Perhaps in some home in the future where there is only 1 cfm of 'leak' it
will be, as you assert, possible to avoid a humidification method entirely,
but I, for one, will reserve judgment until much more is known about the
consequential issues of mold, oxygen deprivation, smells, radon effects, and
other poor air quality issues.

Since the original topic remains unanswered by opinions other than my own, I
welcome your thoughts from Villanova's Electrical and Computer Engineering
Department as to how a Honeywell humidistat using only a software algorithm
might, as the original poster asks, compare to the method used by several
other manufacturers who add an outdoor temperature sensor to allow their
algorithms to adjust to outside changes.


Smarty



<nicksanspam@ece.villanova.edu> wrote in message
news:f34rs9$960@acadia.ece.villanova.edu...
> Smarty <nobody@nobody.com> wrote:
>
>
>
> So now you disagree with yourself? :-)
>
>
> If that were true, you would need DEhumidification in wintertime.
>
>
> So this should be a piece of cake:
>
>
> A typical US house leaks about 200 cfm. An "airtight" US house might
> leak 60 cfm. A 2400 ft^2 house that meets the Canadian IDEAS standard
> might leak 1 cfm...
>
> Nick
>



nicksanspam@ece.villanova.edu

2007-05-25, 9:25 am

Smarty <nobody@nobody.com> wrote:

>I did not state nor have I assumed that my house is an idealized, perfectly
>closed system with no flows in or out. There are, however, no longer
>economical ways to further reach a 60X improvement to go from my present
>"airtight" house to the Canadian 1 cfm "ideal" you refer to.


Have you sought professional help with a blower door test?

Why 1 CFM? How many min CFM do we need to keep a house RH 50% at 70 F with
an indoor humidity ratio wi = 0.00787 pounds of water per pound of dry air
when the outdoor humidity ratio wo = 0.0025 (Phila in January) and you and
your pint-a-day green plants naturally evaporate 1 gallon of water per day?

Hint1: 8lb/24h = 60CFMx0.075(wi-wo).

Hint2: ASHRAE suggests 15 cfm of fresh air per full-time occupant.
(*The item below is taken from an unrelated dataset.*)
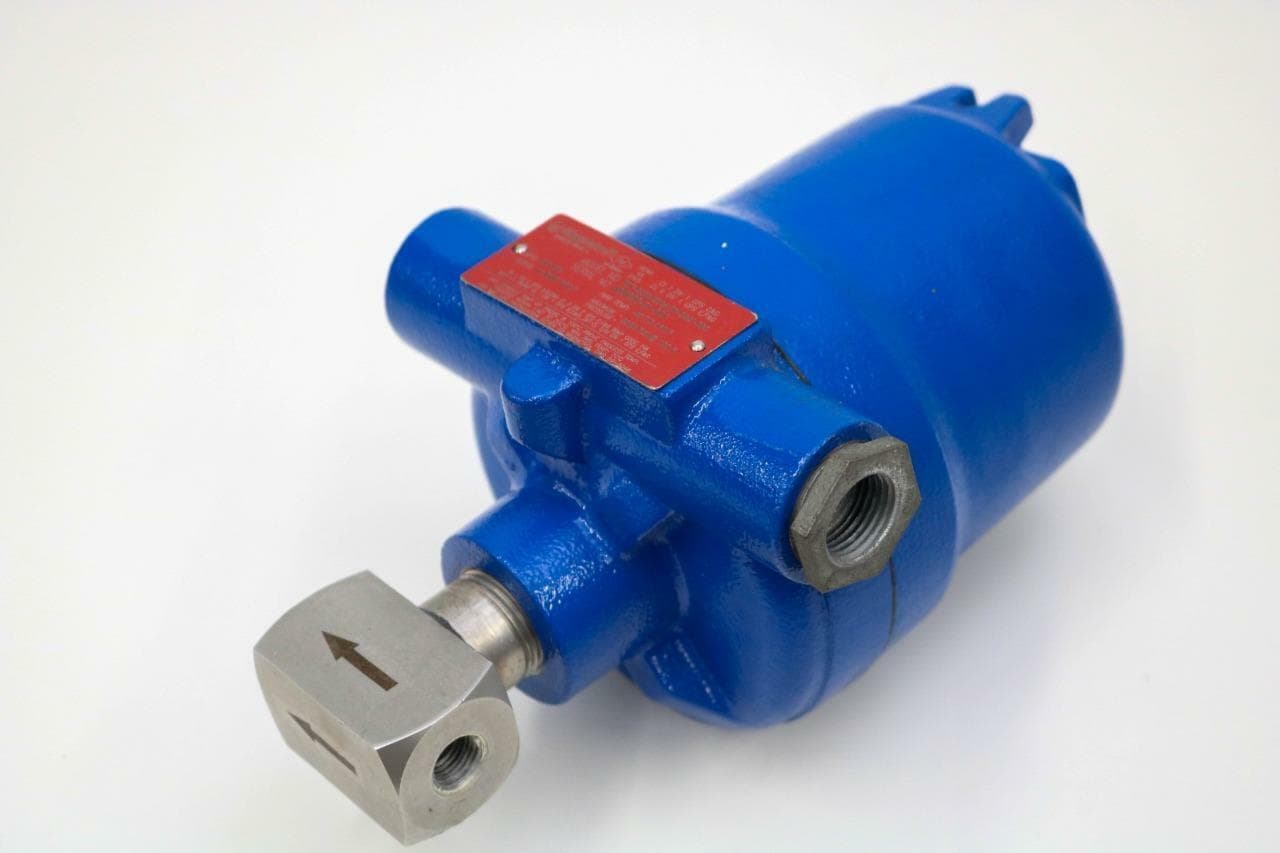 Magnetrol TFS-2200-Eoo/4T9-C221-000 Flow Switch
>I have never disagreed with the physical fact that energy is required to
>evaporate water.


You may well find that you did, if you re-examine your words carefully,
but it's nice to see you reagreeing with yourself :-)

>... moisture evaporated into the air requires energy from someplace.


Sure. Aprilaire's advertising ignored that for years and claimed people
could save energy by turning the thermostat down, but they dropped that
claim after I pointed out that the thermostat savings were 10X less than
the heat required to evaporate the water, in a typical US house.

>Perhaps in some home in the future where there is only 1 cfm of 'leak' it
>will be, as you assert, possible to avoid a humidification method entirely,


It's perfectly doable today with more than 1 CFM.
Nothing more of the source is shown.